Activity.
Copy nothing before the line that contains "大單流出加劇，市場(chǎng)情緒與資金流向的深度剖析"; from there, transcribe each line exactly through the end of the material, omitting pictures.

>>

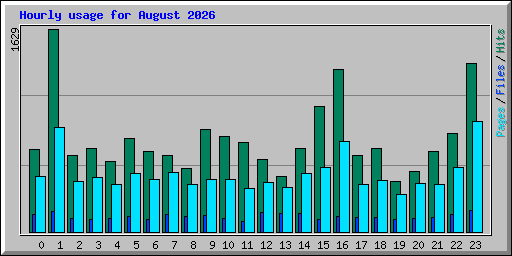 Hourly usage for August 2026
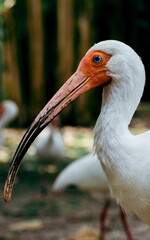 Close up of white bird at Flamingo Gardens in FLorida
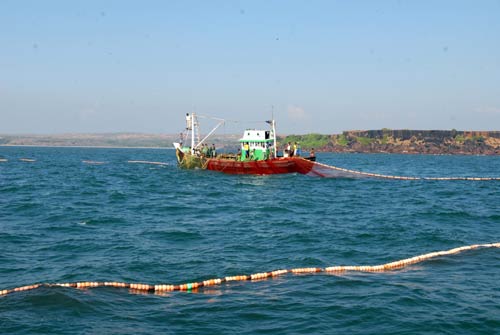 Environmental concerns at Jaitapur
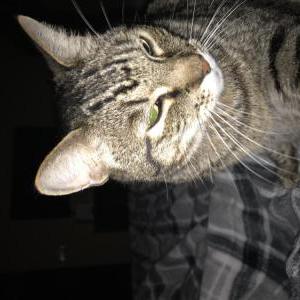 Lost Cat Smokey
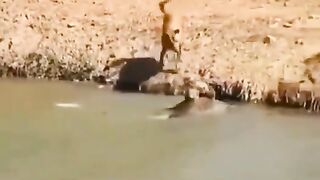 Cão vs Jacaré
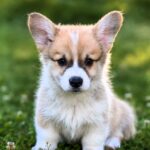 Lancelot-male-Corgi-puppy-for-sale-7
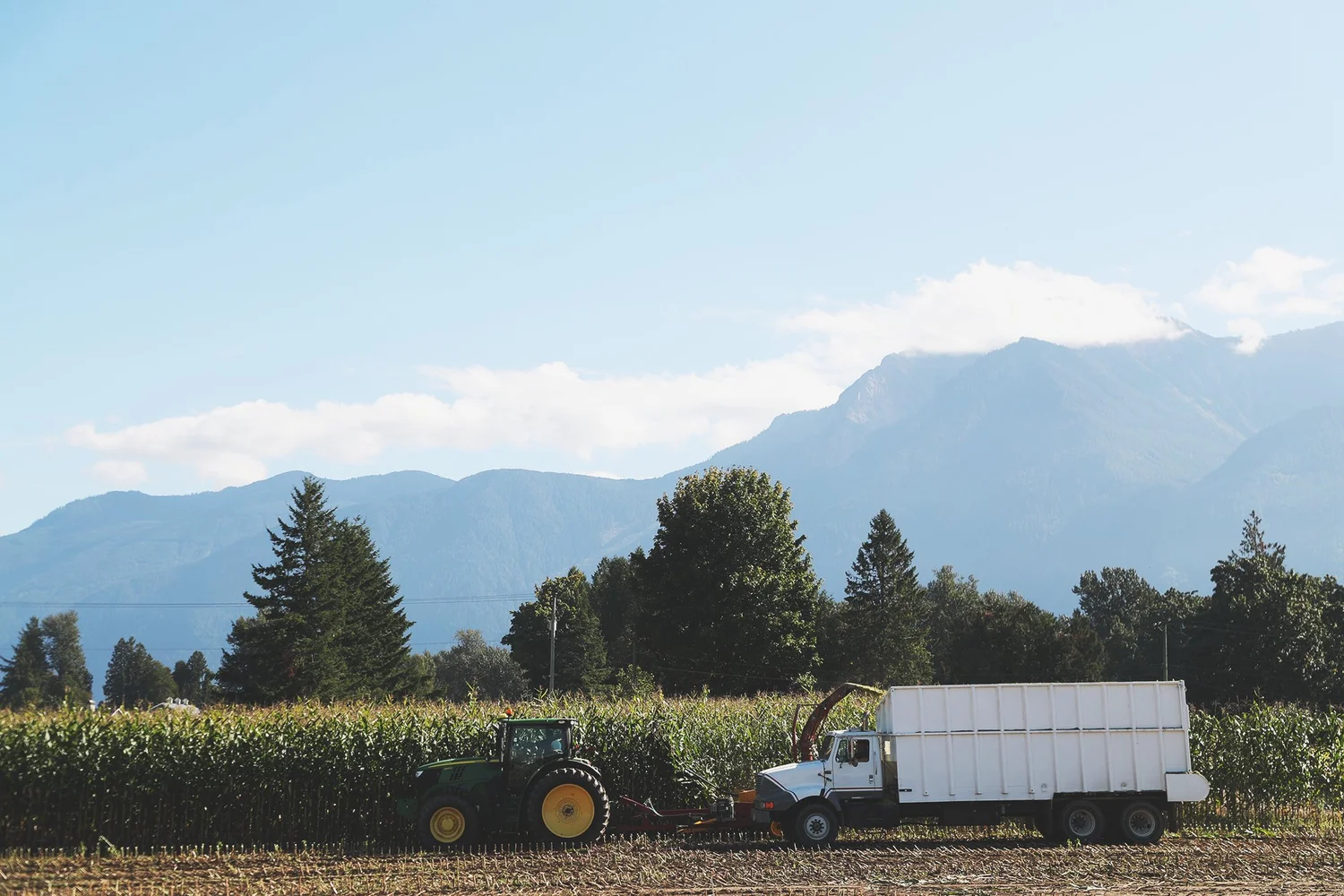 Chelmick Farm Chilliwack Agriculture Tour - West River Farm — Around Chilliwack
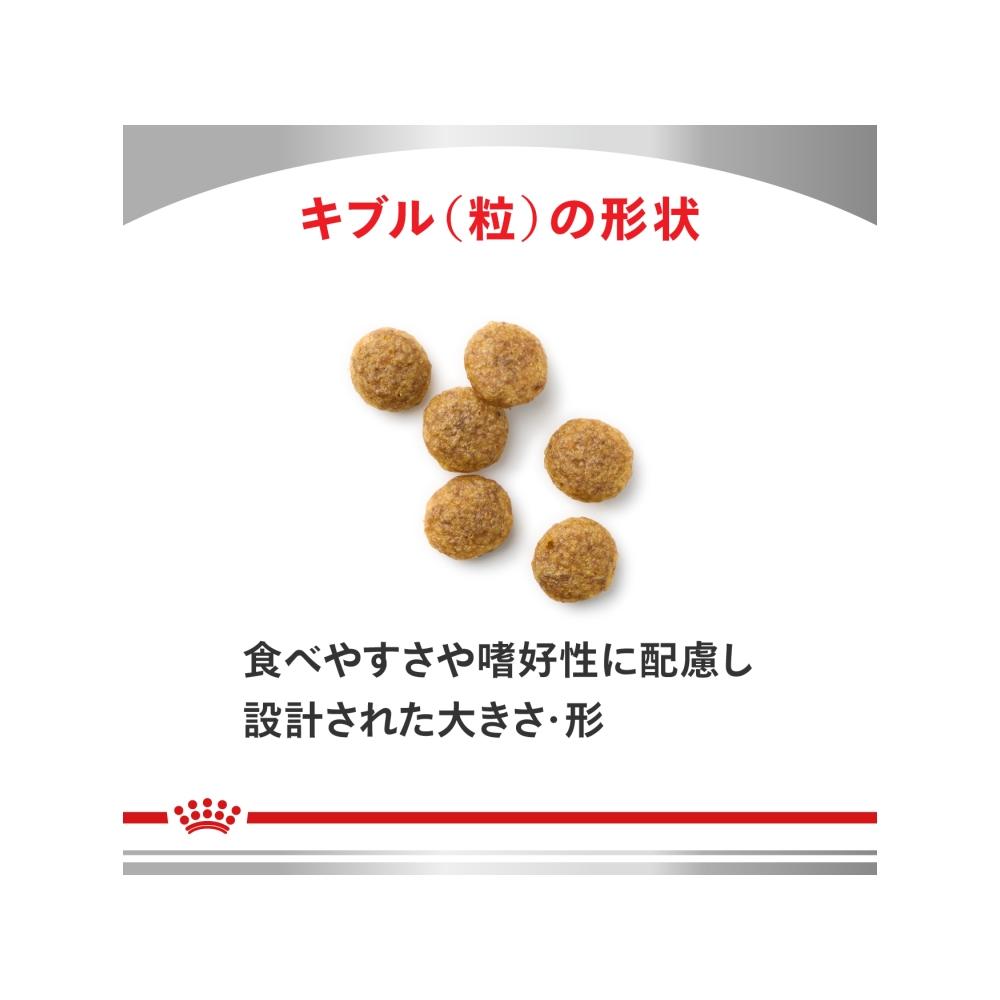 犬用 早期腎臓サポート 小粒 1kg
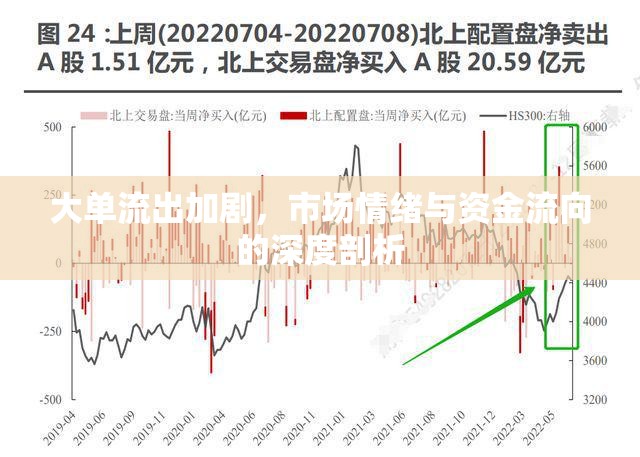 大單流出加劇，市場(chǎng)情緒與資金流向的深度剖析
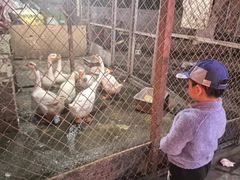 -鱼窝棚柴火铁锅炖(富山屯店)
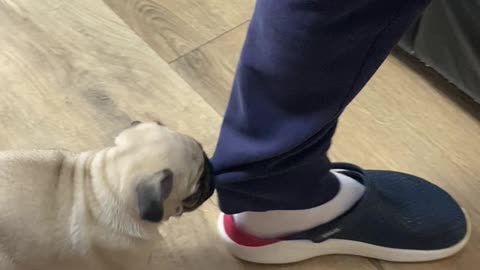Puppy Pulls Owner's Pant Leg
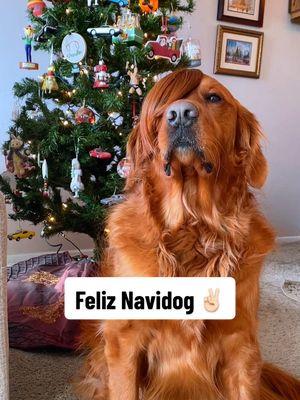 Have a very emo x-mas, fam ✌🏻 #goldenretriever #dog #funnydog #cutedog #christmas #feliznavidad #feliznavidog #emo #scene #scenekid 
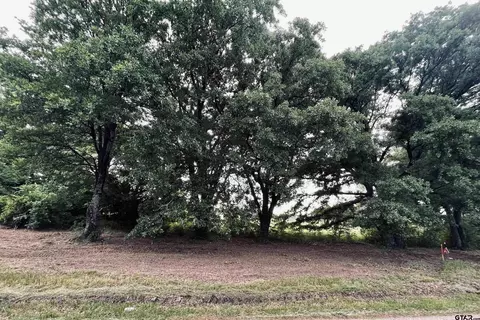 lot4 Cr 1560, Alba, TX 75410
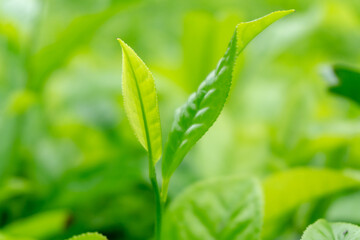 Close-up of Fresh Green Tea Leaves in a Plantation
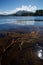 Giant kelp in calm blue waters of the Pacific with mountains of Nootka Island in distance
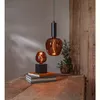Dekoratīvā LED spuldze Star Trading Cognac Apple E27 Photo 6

<<

Output.
 大單流出加劇，市場(chǎng)情緒與資金流向的深度剖析
 -鱼窝棚柴火铁锅炖(富山屯店)
Puppy Pulls Owner's Pant Leg
 Have a very emo x-mas, fam ✌🏻 #goldenretriever #dog #funnydog #cutedog #christmas #feliznavidad #feliznavidog #emo #scene #scenekid 
 lot4 Cr 1560, Alba, TX 75410
 Close-up of Fresh Green Tea Leaves in a Plantation
 Giant kelp in calm blue waters of the Pacific with mountains of Nootka Island in distance
Dekoratīvā LED spuldze Star Trading Cognac Apple E27 Photo 6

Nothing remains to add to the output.